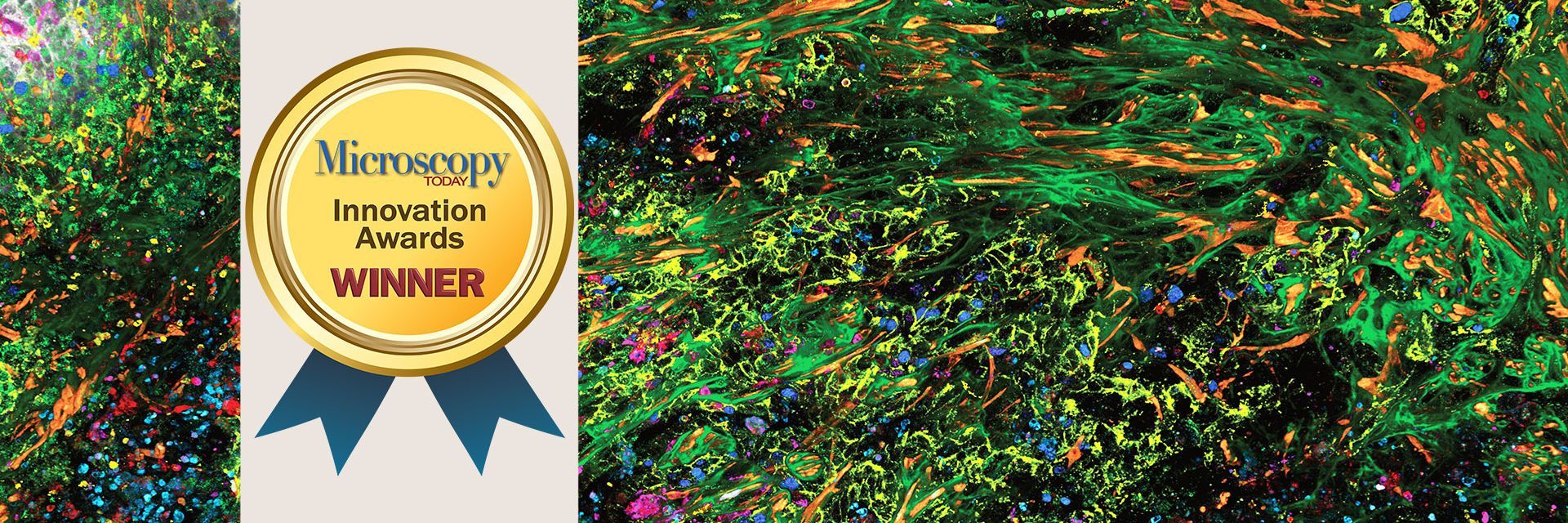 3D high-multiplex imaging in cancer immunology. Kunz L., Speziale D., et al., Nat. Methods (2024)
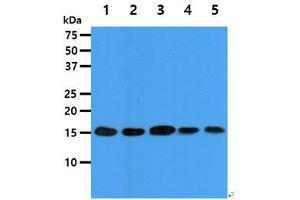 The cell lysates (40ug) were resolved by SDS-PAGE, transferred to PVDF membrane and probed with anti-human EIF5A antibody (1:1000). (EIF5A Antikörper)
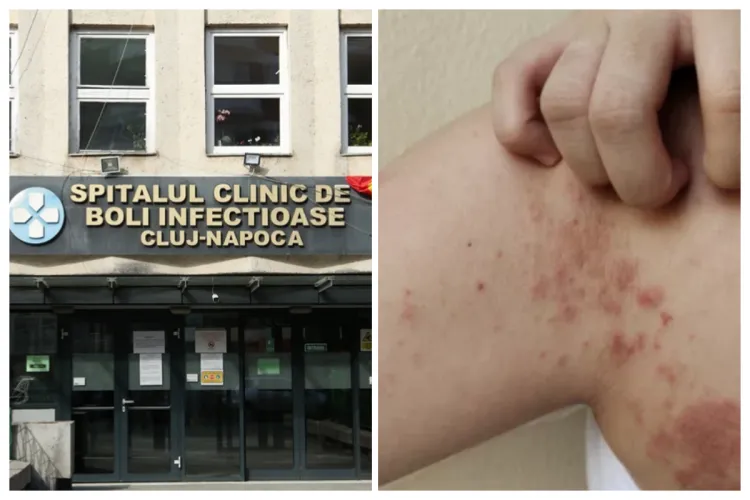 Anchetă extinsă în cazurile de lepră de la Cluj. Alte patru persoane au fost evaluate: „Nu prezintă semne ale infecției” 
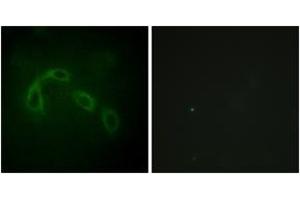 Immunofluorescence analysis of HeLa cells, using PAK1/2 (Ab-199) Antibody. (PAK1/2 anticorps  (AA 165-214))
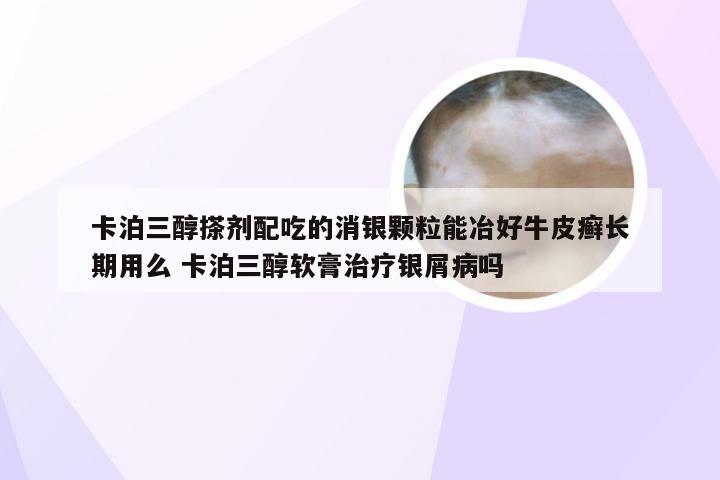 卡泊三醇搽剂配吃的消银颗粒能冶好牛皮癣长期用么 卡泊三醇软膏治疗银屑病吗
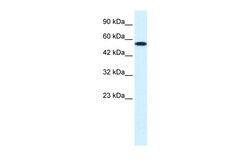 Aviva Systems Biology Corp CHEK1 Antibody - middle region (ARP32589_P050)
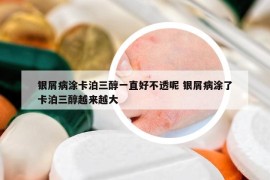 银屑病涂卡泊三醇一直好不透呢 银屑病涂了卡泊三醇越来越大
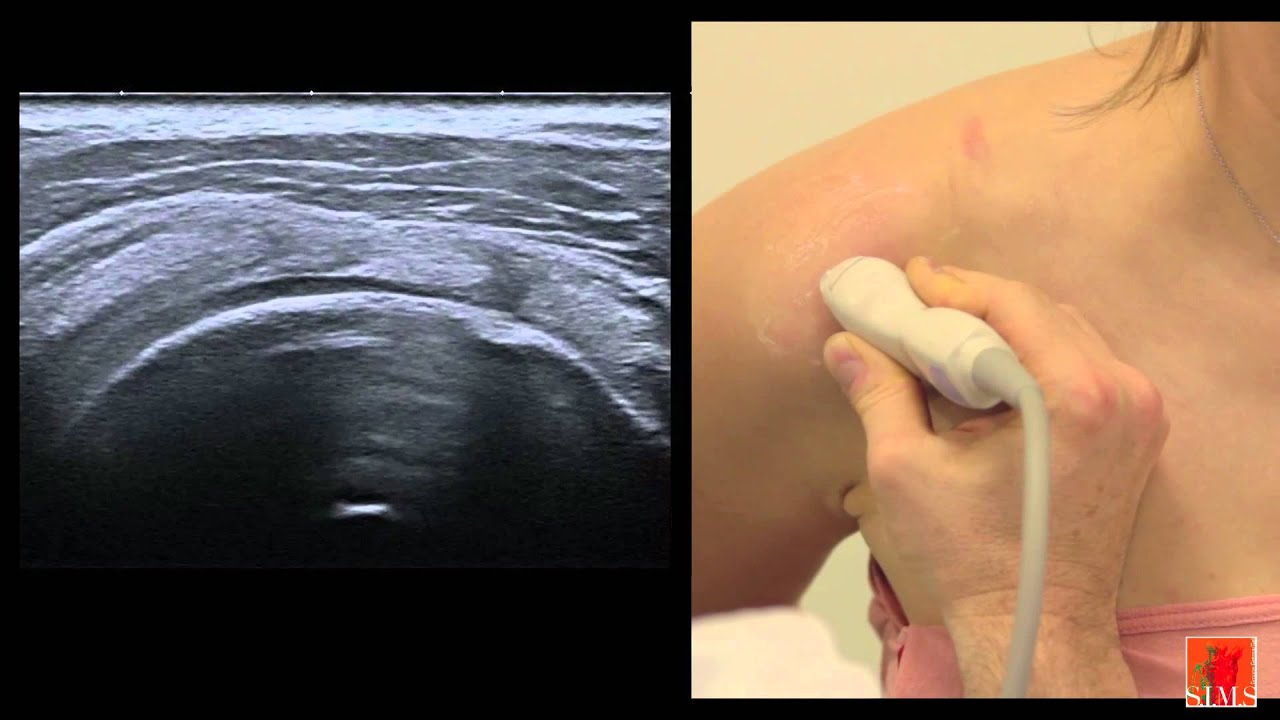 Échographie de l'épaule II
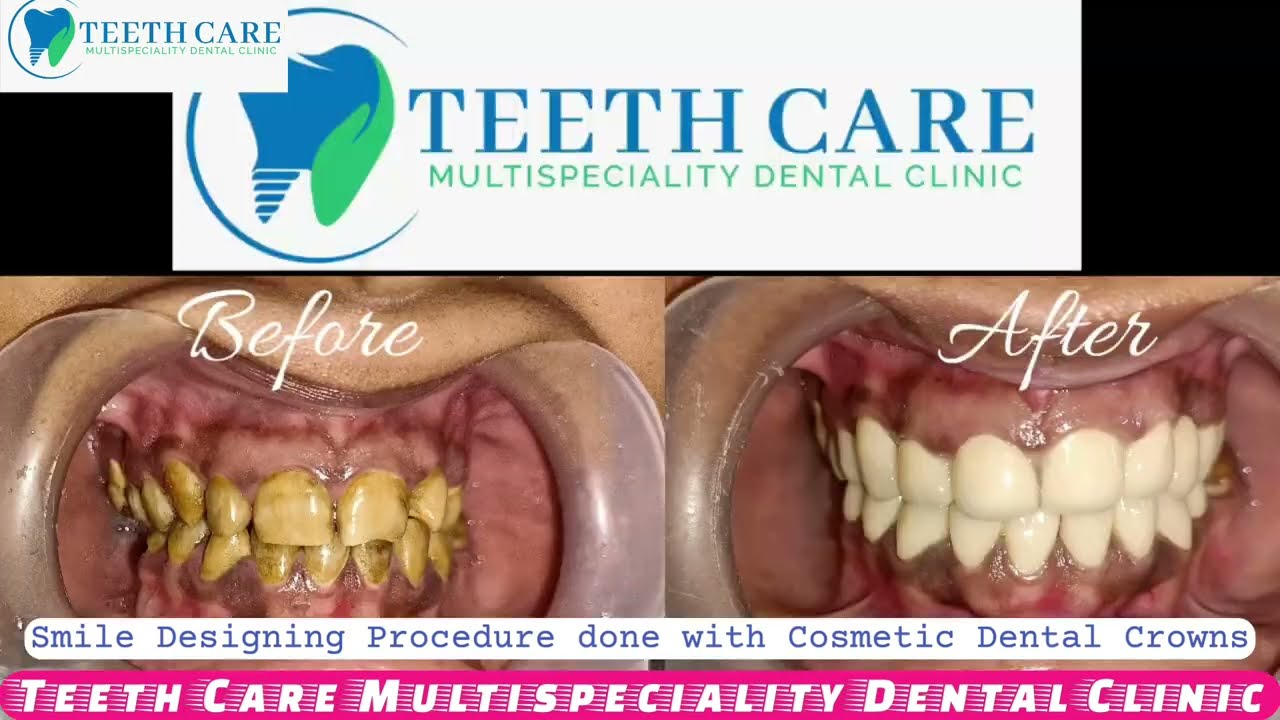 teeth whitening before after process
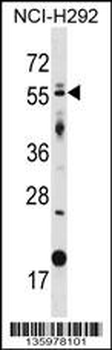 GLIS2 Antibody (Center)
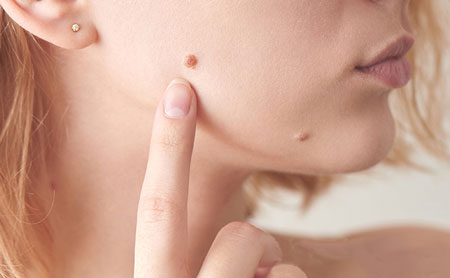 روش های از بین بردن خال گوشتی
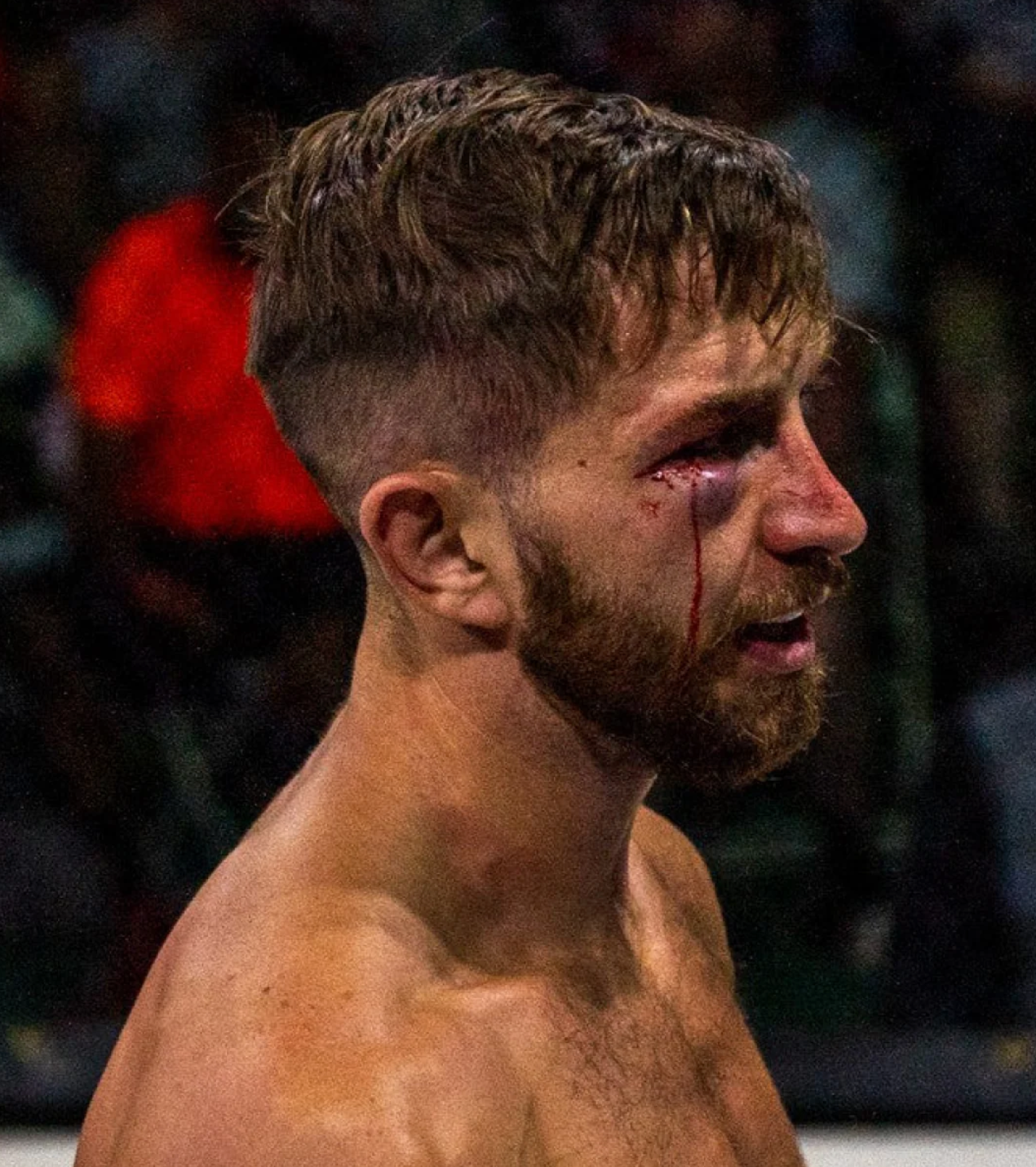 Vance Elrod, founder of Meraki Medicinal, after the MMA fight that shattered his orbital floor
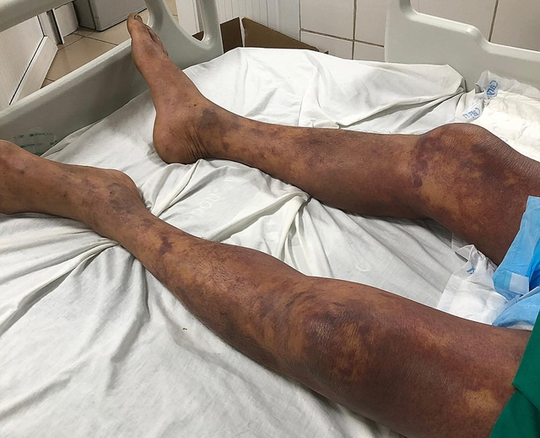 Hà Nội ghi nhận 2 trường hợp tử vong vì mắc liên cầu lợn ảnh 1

· · · ·

## Instructions for the task
What you give back must match the material word for word, with no images included.

## Answer section
 3D high-multiplex imaging in cancer immunology. Kunz L., Speziale D., et al., Nat. Methods (2024)
 The cell lysates (40ug) were resolved by SDS-PAGE, transferred to PVDF membrane and probed with anti-human EIF5A antibody (1:1000). (EIF5A Antikörper)
 Anchetă extinsă în cazurile de lepră de la Cluj. Alte patru persoane au fost evaluate: „Nu prezintă semne ale infecției” 
 Immunofluorescence analysis of HeLa cells, using PAK1/2 (Ab-199) Antibody. (PAK1/2 anticorps  (AA 165-214))
 卡泊三醇搽剂配吃的消银颗粒能冶好牛皮癣长期用么 卡泊三醇软膏治疗银屑病吗
 Aviva Systems Biology Corp CHEK1 Antibody - middle region (ARP32589_P050)
 银屑病涂卡泊三醇一直好不透呢 银屑病涂了卡泊三醇越来越大
 Échographie de l'épaule II
 teeth whitening before after process
 GLIS2 Antibody (Center)
 روش های از بین بردن خال گوشتی
 Vance Elrod, founder of Meraki Medicinal, after the MMA fight that shattered his orbital floor
 Hà Nội ghi nhận 2 trường hợp tử vong vì mắc liên cầu lợn ảnh 1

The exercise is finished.